Raptors 95 – Miami Heat 91: Kyle is back!
By Brian Boake
Kyle Lowry’s return has been long in coming, but it arrived this afternoon in Miami. The Raptors rode his brilliance to a critical road victory.
The Toronto Raptors were tested severely, and survived. They waltzed into enemy country and sneaked out with a four-point win, barely enough to fend off the ageless Dwyane Wade’s 38 points. Despite the departure of Jonas Valanciunas due to a turned ankle, and a bunch of clanked shots from DeMar DeRozan, the return to form of Kyle Lowry propelled the Raptors into the series lead.
The Raptors looked like this win was in the bag early. JV had a double-double, but landed awkwardly after contesting a Dwyane Wade drive, and was helped to the bench. After that, the tension rose, as a 13-point lead disappeared.
First Half
As in Game 2, the Raptors were the better team in Q1. With JV and DeMar splitting 16 points, Toronto’s offense was respectable, and their defense better than that.

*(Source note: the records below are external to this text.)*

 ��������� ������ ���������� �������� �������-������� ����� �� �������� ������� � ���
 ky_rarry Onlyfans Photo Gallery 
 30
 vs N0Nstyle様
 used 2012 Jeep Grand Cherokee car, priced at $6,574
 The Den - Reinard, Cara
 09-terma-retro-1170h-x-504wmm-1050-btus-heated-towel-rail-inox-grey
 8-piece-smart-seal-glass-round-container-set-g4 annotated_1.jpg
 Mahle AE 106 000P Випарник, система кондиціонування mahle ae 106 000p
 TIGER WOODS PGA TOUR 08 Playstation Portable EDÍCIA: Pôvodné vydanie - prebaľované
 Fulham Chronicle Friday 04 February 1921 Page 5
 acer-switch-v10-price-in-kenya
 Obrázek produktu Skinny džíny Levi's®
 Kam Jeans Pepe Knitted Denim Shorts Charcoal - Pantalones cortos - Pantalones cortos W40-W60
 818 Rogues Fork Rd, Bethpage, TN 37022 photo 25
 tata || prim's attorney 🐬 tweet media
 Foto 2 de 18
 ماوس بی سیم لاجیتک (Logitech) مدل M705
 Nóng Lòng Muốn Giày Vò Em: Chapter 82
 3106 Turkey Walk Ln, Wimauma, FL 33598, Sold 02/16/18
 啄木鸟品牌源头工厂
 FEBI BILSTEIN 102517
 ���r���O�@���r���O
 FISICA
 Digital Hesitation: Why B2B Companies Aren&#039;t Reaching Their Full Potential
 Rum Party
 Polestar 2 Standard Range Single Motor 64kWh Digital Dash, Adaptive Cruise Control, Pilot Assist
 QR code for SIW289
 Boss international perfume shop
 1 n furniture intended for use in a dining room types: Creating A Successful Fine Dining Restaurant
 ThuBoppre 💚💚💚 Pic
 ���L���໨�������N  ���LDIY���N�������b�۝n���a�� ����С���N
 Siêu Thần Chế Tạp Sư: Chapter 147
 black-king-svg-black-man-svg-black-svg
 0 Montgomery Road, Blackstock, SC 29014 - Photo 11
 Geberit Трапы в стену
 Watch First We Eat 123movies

The Raptors caught the break they were looking for early in Q2. Hassan Whiteside was crunched on his leg, apparently by Dwyane Wade, during a messy rebounding scrum, and limped to the bench. He needed help to reach the dressing room, and shortly thereafter the announcement came that he wouldn’t return.
As always, we should never forget to be careful what we wish for. Heat coach Erik Spoelstra dusted off Josh McRoberts, who made a perfectly timed block on JV at the rim. The Raptors, perhaps showing once again they can’t stand prosperity, messed up their offense on their next few trips and the Heat briefly took a lead.
However, JV is bigger, better and stronger than Josh McBob. Our centre converted an and-1 chance off a dandy feed from Lowry, and the Raptors were ahead to stay. Patrick Patterson drained a pair of long balls. The lead was eight at halftime.
Second Half
Kyle Lowry showed early the second half was going to be his return to form. Two quick 3-balls pushed the Raptor lead to 13, but then JV went down and out. After a pair of Wade long balls, Lowry showed he remembered how to shoot from the free-throw line as well.
The game was back and forth, which was fine with us, until it wasn’t. The Raptors offense endured one of its too-frequent periods of vapour lock. Our guys went almost 6 minutes frozen at 68, while the Heat said “Thank You” and turned a 7-point deficit into a 6-point lead. Patrick Patterson drove for a most welcome and-1, and the Raptors chipped away until a deep 3-ball from Lowry went splash for a Raptors lead. Miami tied up the match at 82, and then 5 straight points from Lowry brought cheers from north of the border, and gloom south.
DeRozan made 5 of 6 from the line in the last 24 seconds, and even a Wade 3-ball off glass (c’mon Dwyane…you should have to call those, like in snooker) wasn’t enough. Cory Joseph heaved the ball deep to DeMarre Carroll, and a futile Heat foul meant the Raptors and their fans had to wait a little longer to exhale.
In Sum…
If Kyle Lowry truly is back to form (33 points on 19 shots certainly works for me, as does 5 of 8 from deep), the Raptors are a dangerous team. DeRozan’s stroke is still somewhere out there, waiting to be rediscovered, but he contributed 6 rebounds and 5 assists, in addition to his 19 points. He also had an and-1 chance wiped out by an imaginary offensive foul.
Terrence Ross committed 4 turnovers, which outweighed some positive things he did, and needed to sit.
Bismack Biyombo did not play the minutes I expected he would after JV went down. Coach Dwane Casey elected to go super-small in crunch time. It worked; the game was tied after Q3, but there was no overtime this night.
The next game in this nail-biter of a series tips off on Monday night – but who will be tipping off for each team?